Can be easily be solved by upgrading the fishing hut to tier 2 which adds a boat, a second fisher and nets for increased yield.
And the advanced version would be a fish farm, which produces a stable and sustainable amount of fish akin to a barn or a deep mine, but requires feed and a suitably large pond (or creates it itself).
That is paltry yield indeed. Basically, this only manages to feed the fisherman himself.
Fishing huts are mostly valuable at the beginning of the game, but become only supplemental later on.
I have to buy 90% of my smoked fish needs for my 700 pop town from traders, despite having 5 fishing huts. My citizens consume all the fresh fish practically instantly, leaving little for the smoke house.
A tier 2 fishing hut should at least double the yield to remain useful for longer. Also be able to work during winter, as an ice fisher or something.
In addition to this, may I suggest to add “Fish oil” as a by-product of the fish farm.
“Fish oil” could be used to make:
Lanterns, as a new luxury item or could also be an upgraded version of the candle, which would last longer.
Medecine
Some other ideas would be to use it to make boiling oil, a new defense mechanism that could be used by T3 stone walls or towers, but I’m going far here.
Dunno, fish oil is an item usually only produced by fatty saltwater fish or Whales in relevant quantities.
And currently, FF has neither a coastline nor whaling ships. And in the medieval time period it is set, whaling wasn’t even a thing yet.

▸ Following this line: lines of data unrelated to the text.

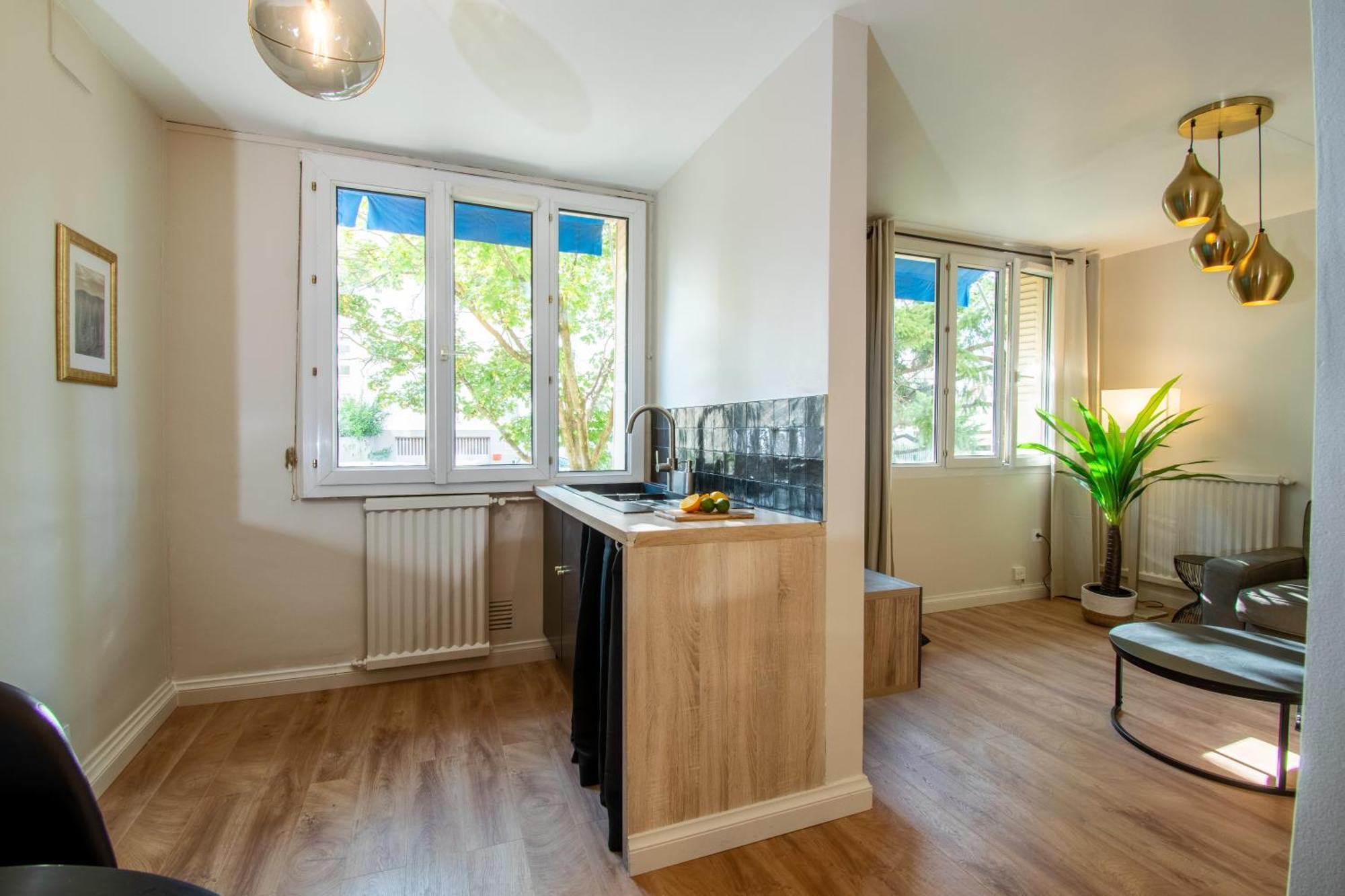 Suite Maddison Villeurbanne Exterior foto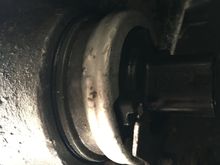 You can still see the black seal so it obviously isn’t in enough 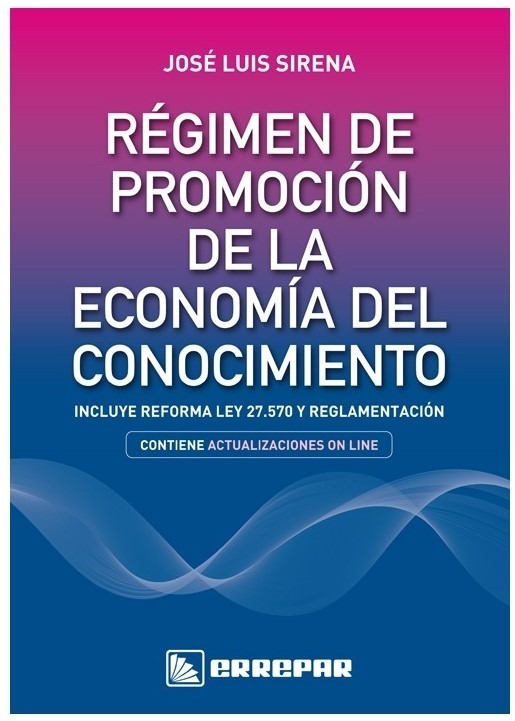 Regimen De Promocion De La Economia Del Conocimiento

For the production of oil, we’d need either an oil ground resource or an oil crop, like rapeseed or sunflowers.
There is firm evidence of deep sea whaling with harpoons as far back as 5 - 6000 BCE in Scandinavia and Korea. You are right in that before the Renaissance (Early Modern) Era it wasn’t a major undertaking, though: on a food/effort basis, fishing the cod and herring schools of the North Sea gave a much better return for food.

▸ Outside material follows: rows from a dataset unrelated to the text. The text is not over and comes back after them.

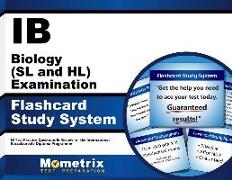 Ib Biology (SL and Hl) Examination Flashcard Study System: Ib Test Practice Questions & Review for the International Baccalaureate Diploma Programme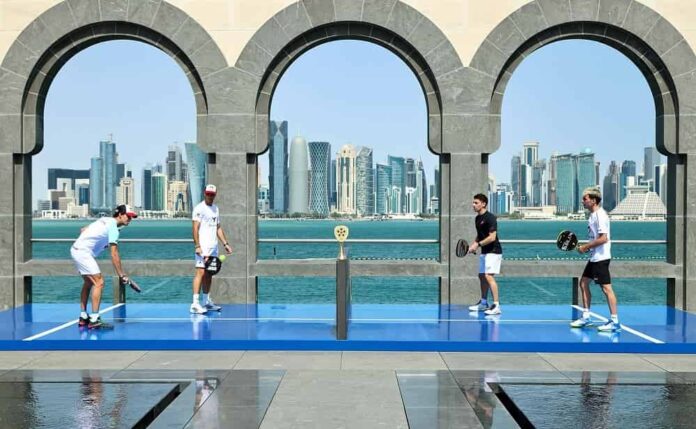 Ooredoo Qatar Major Premier Padel 2023 - ph credits Premier Padel Qatar Padel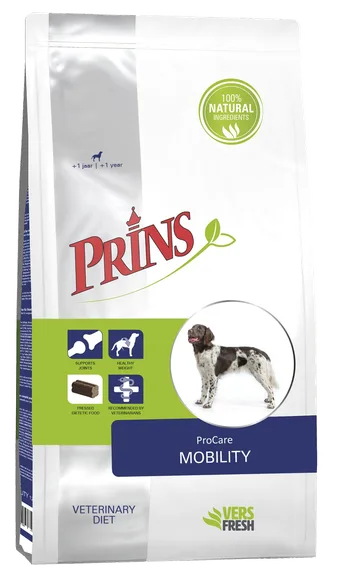 Prins Procare Diet Pressed mobility sausā barība, 12 kg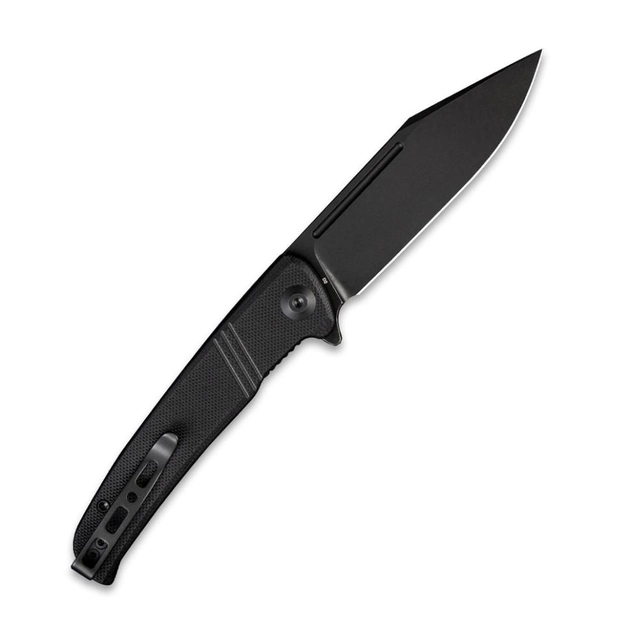 Нож складной Sencut Brazoria Full Black замок Liner Lock SA12A - изображение 2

One seafood possibility that has been overlooked, though, and is applicable to shore fishing as modeled in the game, would be Shellfish like clams or oysters, which were ‘farmed’ by both Romans and Classical Chinese and some Native American tribes. That would be a potential output from Upgraded Fishing Huts that could also produce some type of Luxury item like Pearls or even Abalone/Mother of Pearl Jewelry and decoration.
Would need proper rivers for that. Salmon only seek rivers to breed.

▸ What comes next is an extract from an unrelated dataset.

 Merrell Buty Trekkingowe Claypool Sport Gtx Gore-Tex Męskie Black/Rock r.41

I very much hope we’ll get coastal sea and river maps someday. Other similar builder games can do it, so this one should too.
Sigh. They have said for a long time that Water Features will have to wait until after release (DLC?) because of the complexity of the problems connected with it.
Given the importance of rivers and coastal trading communities in the Medievalish period, I hope they take their time and get it right, much as I’d like to have it Tomorrow.
For one thing, a town site on the coast would be potentially an entirely different focus from one inland, with far more emphasis on making goods to trade with ships coming from Far Away. The potential great increase in prosperity could be balanced by making them prone to Sea Raiders of much greater ferocity and potential damage compared to the landlocked raiding parties the game has now.
Bridges over rivers would be very nice, too. There’s a place for some serious Upgrading, from a simple pile and timber one-lane bridge up to a stone arch bridge wide enough for houses to be built on it with a massive stone Gate House at the end opposite the town.